The Diamond DA42 is a four-seat, twin-engine, propeller-driven utility airplane manufactured by Austrian company Diamond Aircraft Industries whose airframe is composed largely of composite materials with carbon fibre. It features a Garmin G1000 glass cockpit.
It was the first diesel-powered, fixed-wing aircraft to perform a non-stop crossing of the North Atlantic on August 16, 2004. Diamond test pilot Gerard Guillaumaud flew from London (Ontario, Canada) to St. John (Newfoundland, Canada), a flight that took 7.5 hours, and from there to Oporto (Portugal), completing the trip in 12.5 hours with average fuel consumption of 5.74 gallons per hour (2.87 gallons/h per engine, or 10.87 litres per hour).
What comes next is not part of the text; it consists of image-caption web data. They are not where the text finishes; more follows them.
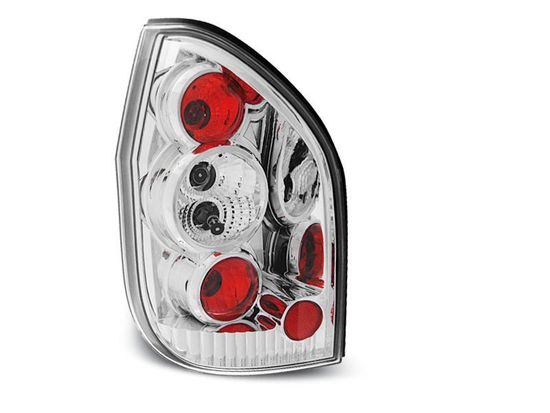 Задние фонари chrome для Opel Zafira A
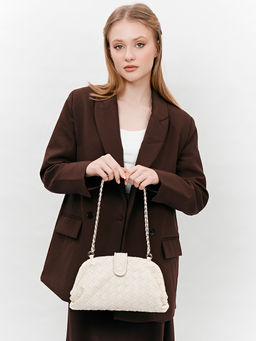 LACCOMA сумка PLB2269-молочный эко кожа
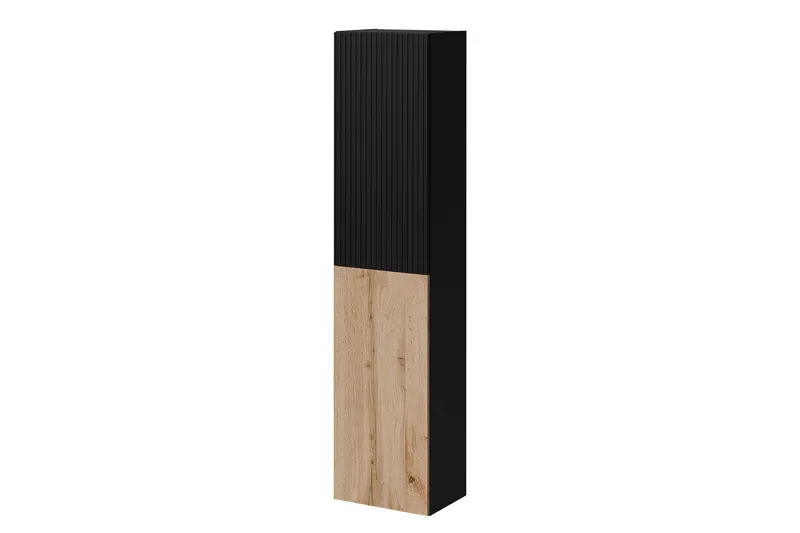 Kangana Highboard - Brun/Svart — Brun/Svart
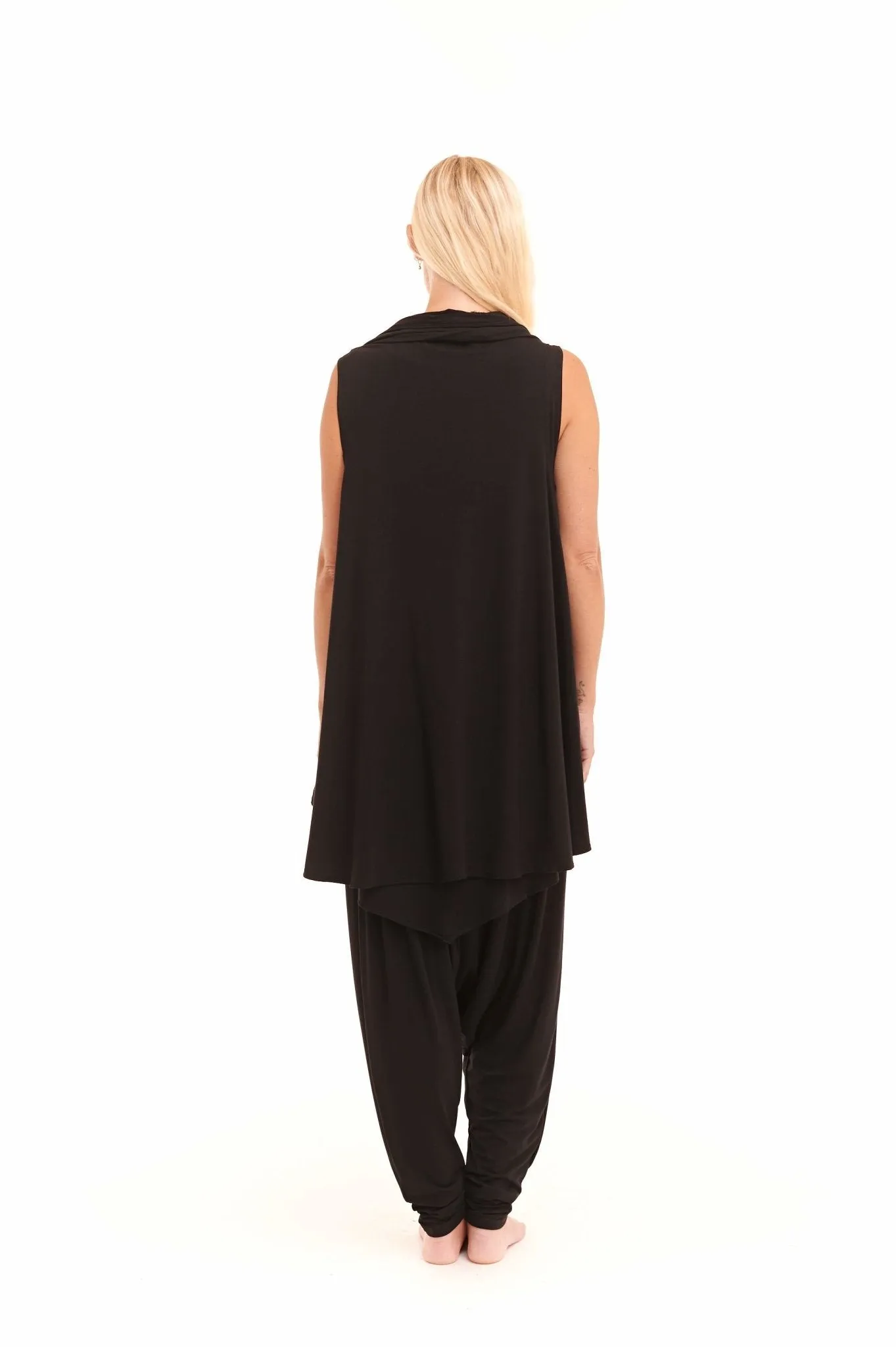 HAREM LOUNGE PANTS BLACK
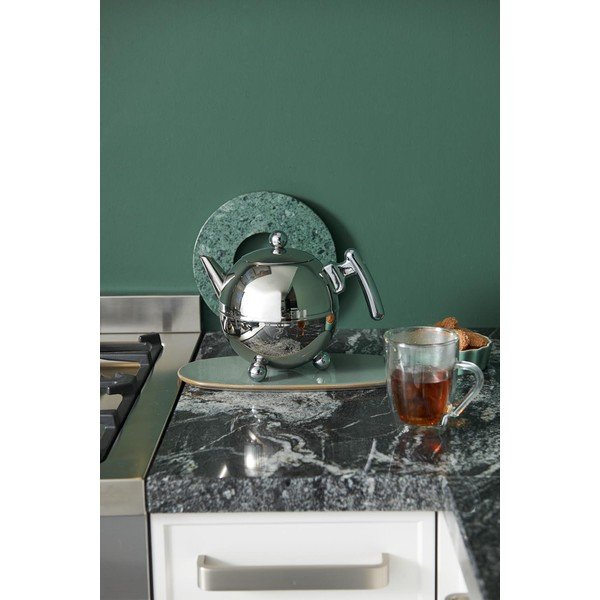 Teiera argentata in acciaio inox 1,5 l Bella Ronde – Bredemeijer-image-2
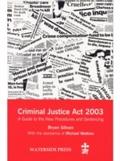 Criminal Justice Act 2003 - Bryan Gibson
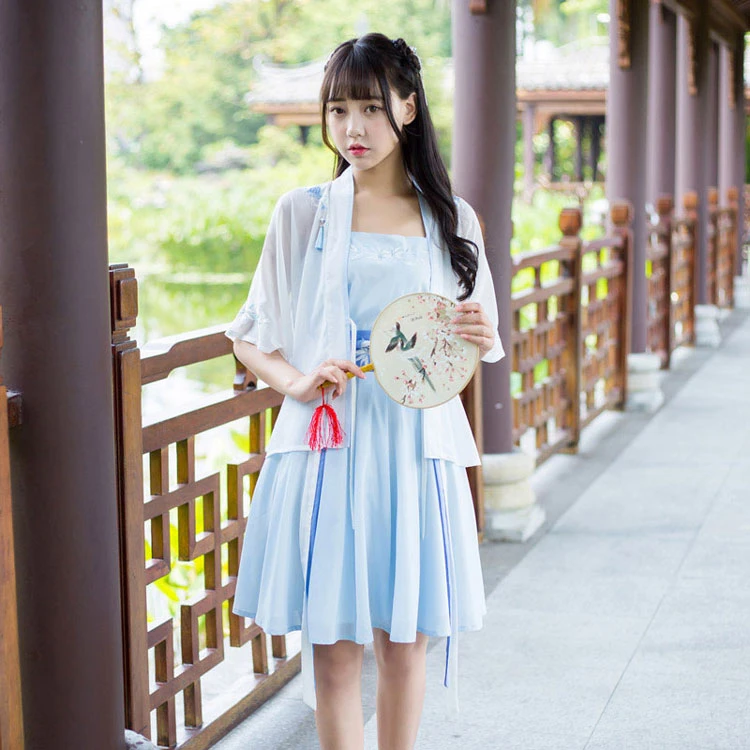 Hanfu Dress Chinese Traditional Clothing
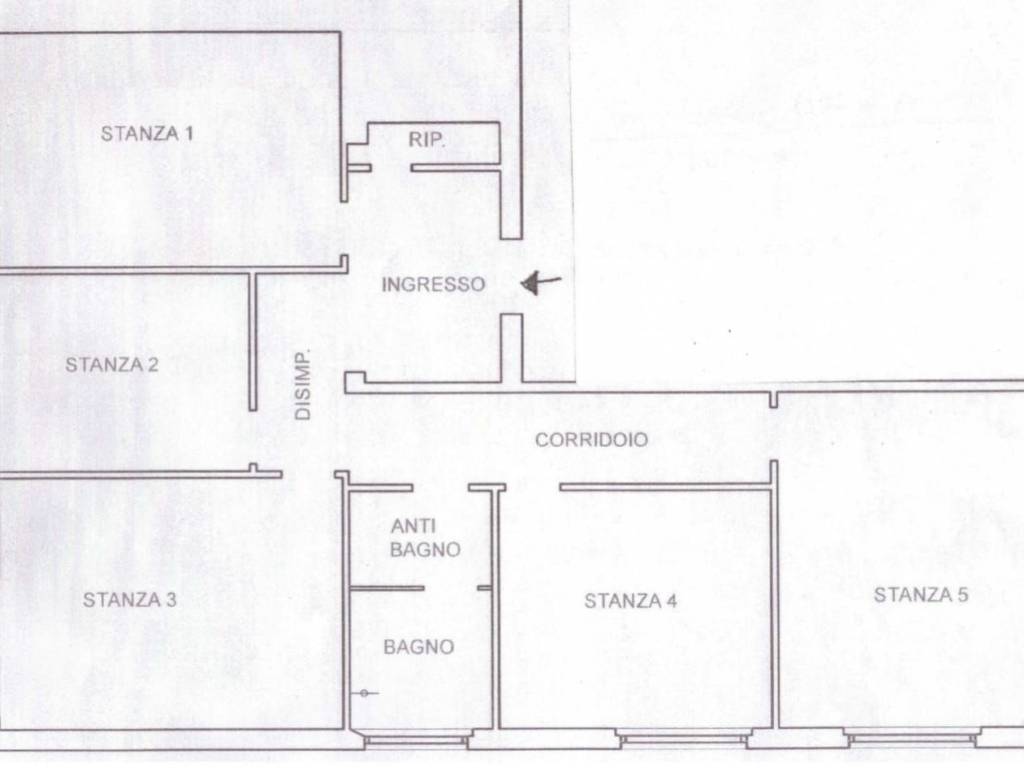 Ufficio - studio via emanuele filiberto 9, centro storico, latina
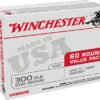 AUSA300BXVP WINCHESTER USA 300 AAC 200GR - FMJ 60RD 4BX/CS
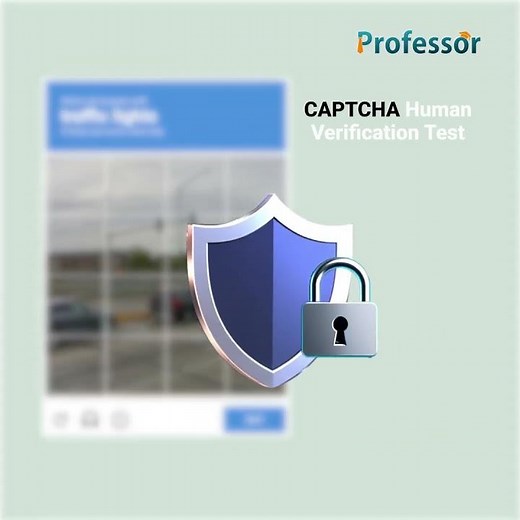 🔐 Why Websites Make You “Spot Traffic Lights” — CAPTCHA Explained in 45 Seconds | Professor AI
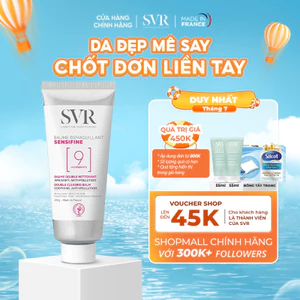 Sáp tẩy trang 2 trong 1 SVR SENSIFINE BAUME DEMAQUILLANT 100Gram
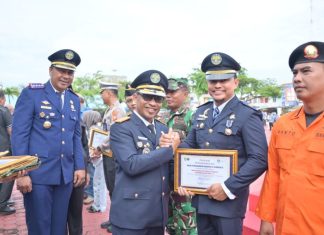 Harhubnas 2025: Wabup Bengkalis Beri Penghargaan Bakti Transportasi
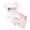 A31-Pink, variant on Hessimy Toddler Baby Girl Clothes for 2t 3t Girls Cute Summer Short Sleeve T-Shirt Tops Shorts Clothes Sets Baby Girl Outfits,Toddler Sizes(Pink,18-24 Months)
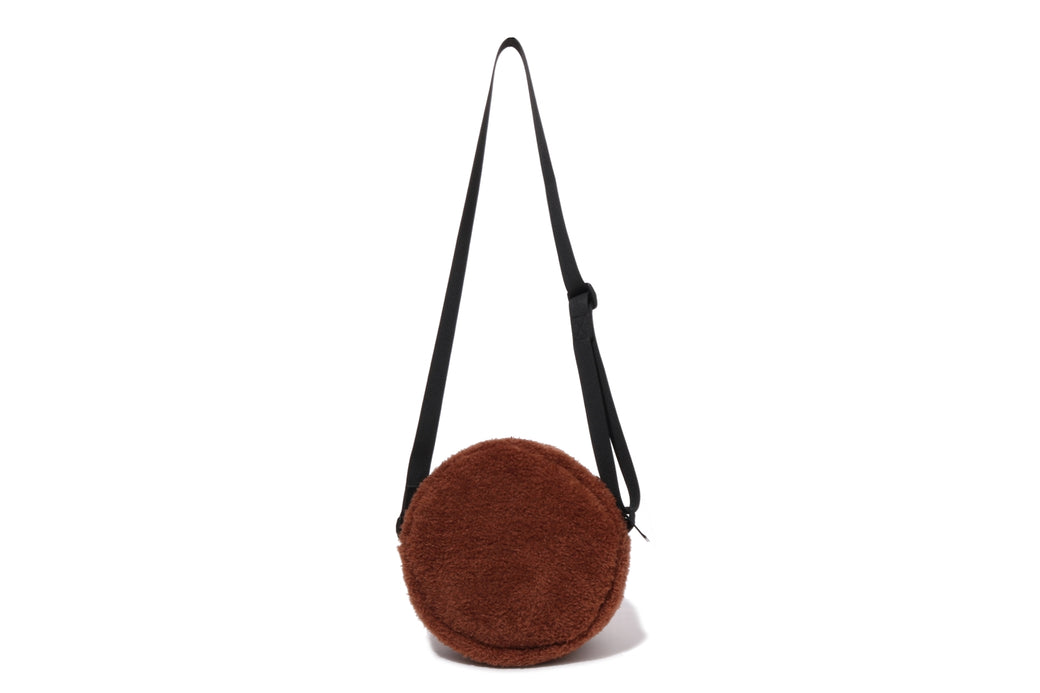 BABY MILO FACE PLUSH DOLL SHOULDER BAG | bape.com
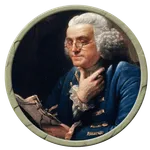 Benjamin Franklin 13 Virtues icon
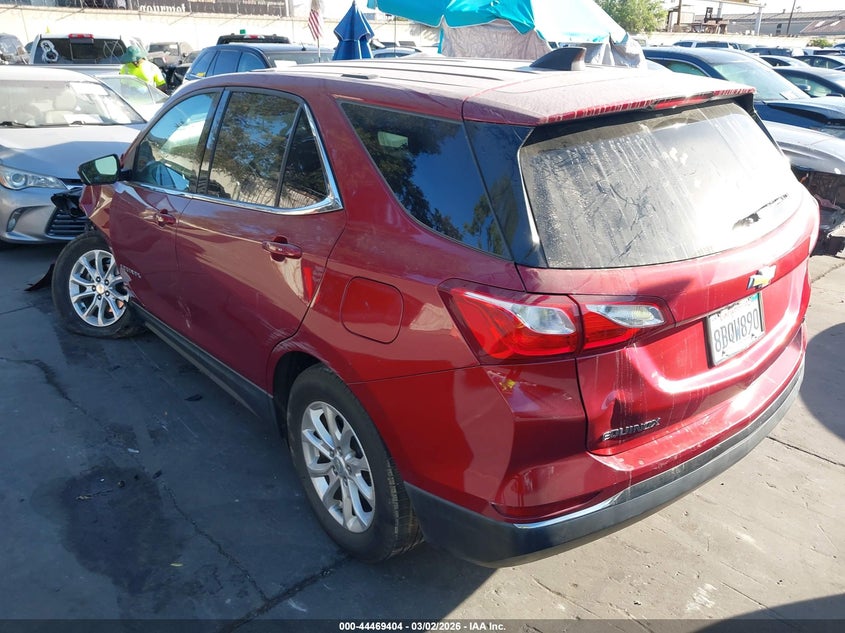 2018 Chevrolet Equinox Lt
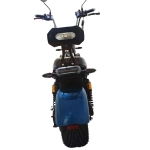 Электроскутер Citycoco GT E30 синий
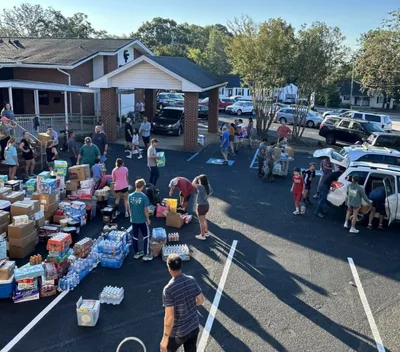 Asheville church spared from hurricane serves surrounding region | Baptist Press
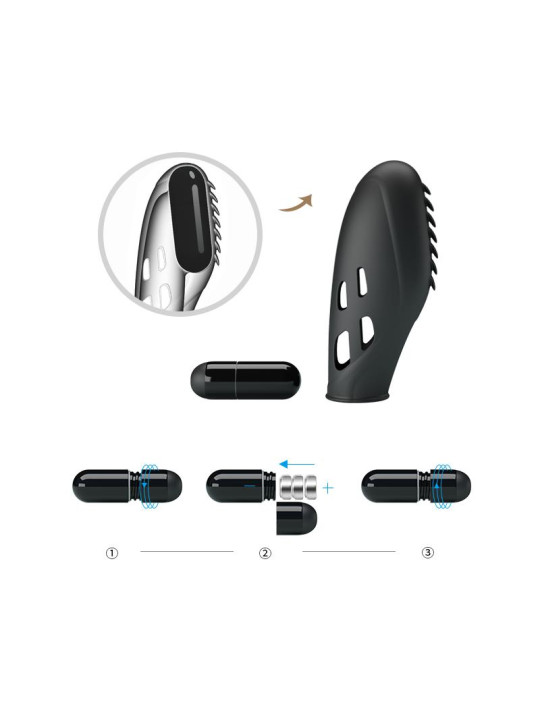 Gilo Vibrador para el Dedo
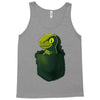 pocket raptor Tank Top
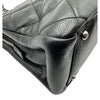 シャネル CHANEL マトラッセ チェーントートバッグ A67294 18番台 ブラック シルバー金具 キャビアスキン レディース トートバッグ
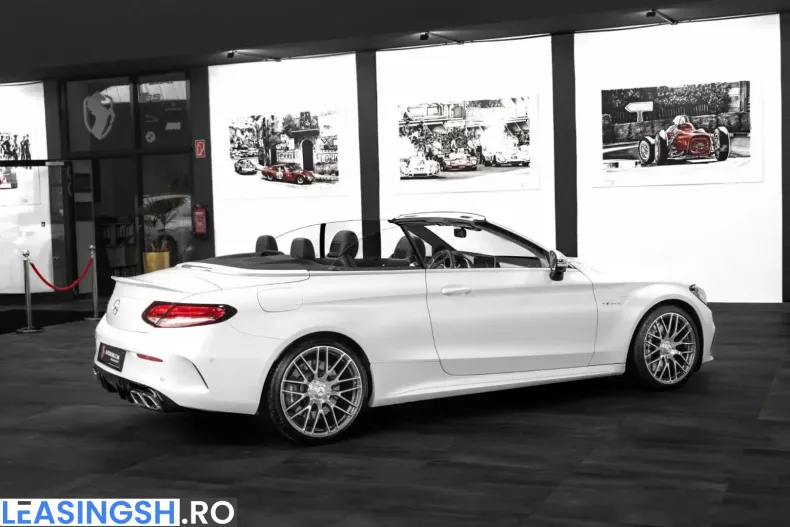 Mercedes-Benz C 63 AMG (Clasa C) din 2022 cu 53.500 km - oferta MER212363 - foto 10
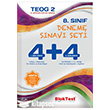 8. Snf TEOG 2 4+4 Deneme Snav Blok Test Yaynlar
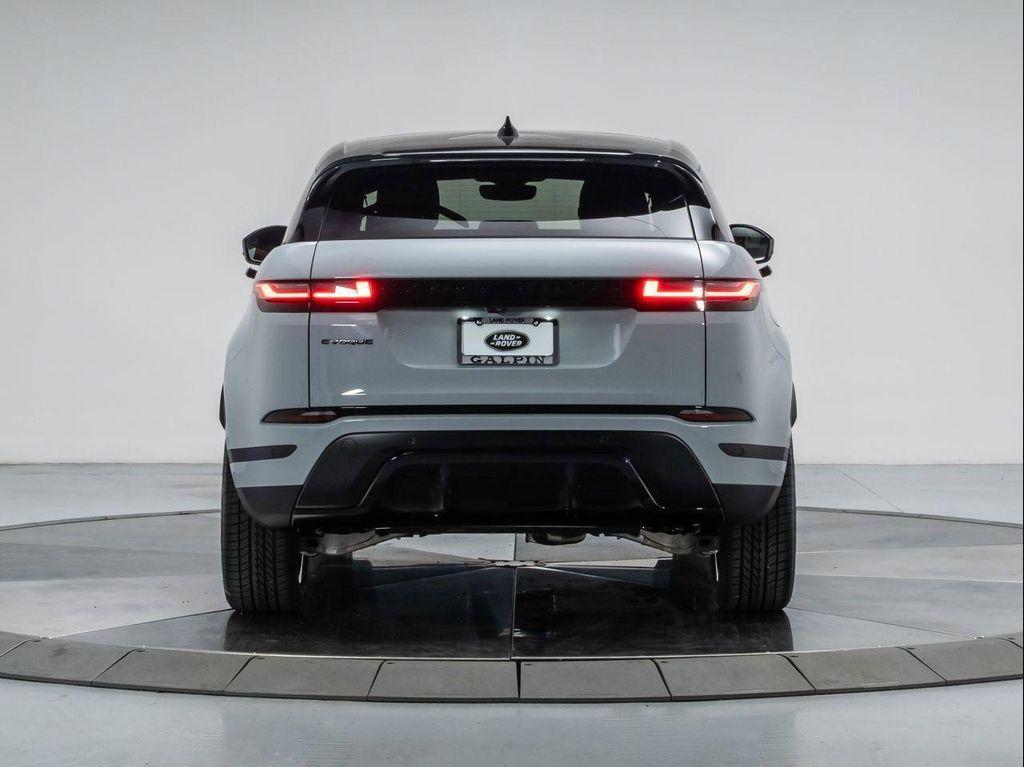new 2026 Land Rover Range Rover Evoque car, priced at $56,595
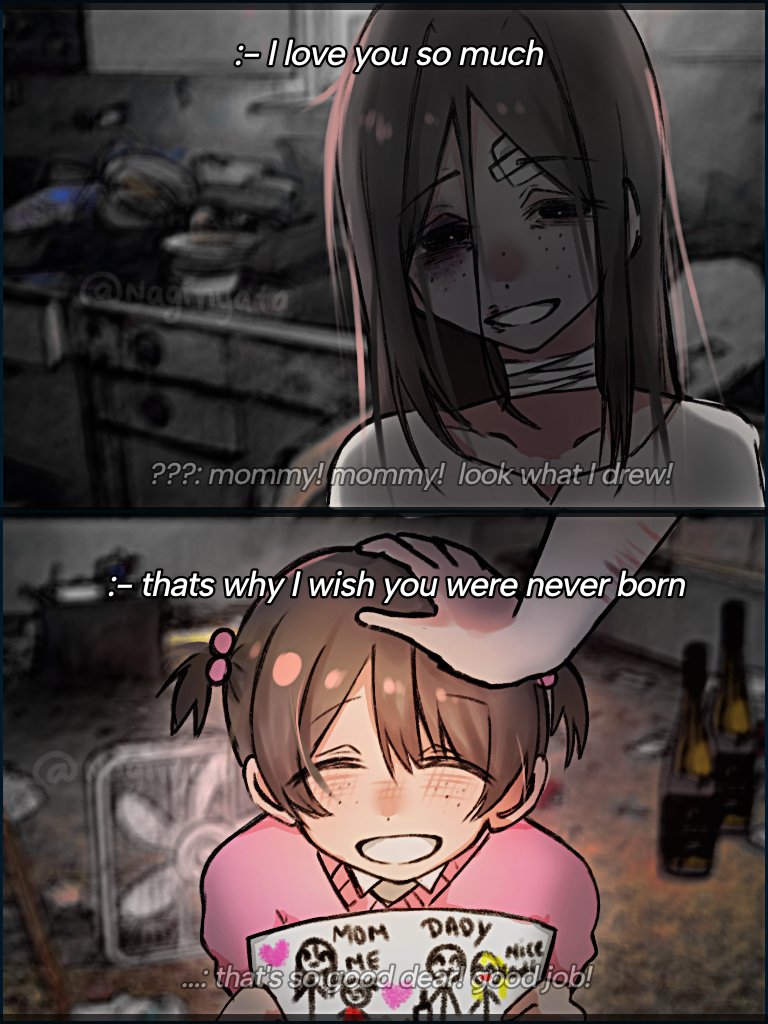 NagiNyata's tweet photo. [Repost]

Mother's love. https://t.co/SqioSNItk2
In March 2009, Diamond achieved EASA certification for the Austro Engine (AE 300) and started production of the DA 42 NG (Next Generation), a version equipped with 170 hp (127 kW) Austro Engine AE 300 engines. The new engine produces 20% more power and has better fuel economy than the Thieler engines, resulting in a higher gross weight and increased performance. The DA42 NG with Austro Engine engines received FAA certification on April 9, 2010 and Transport Canada certification on April 16, 2012.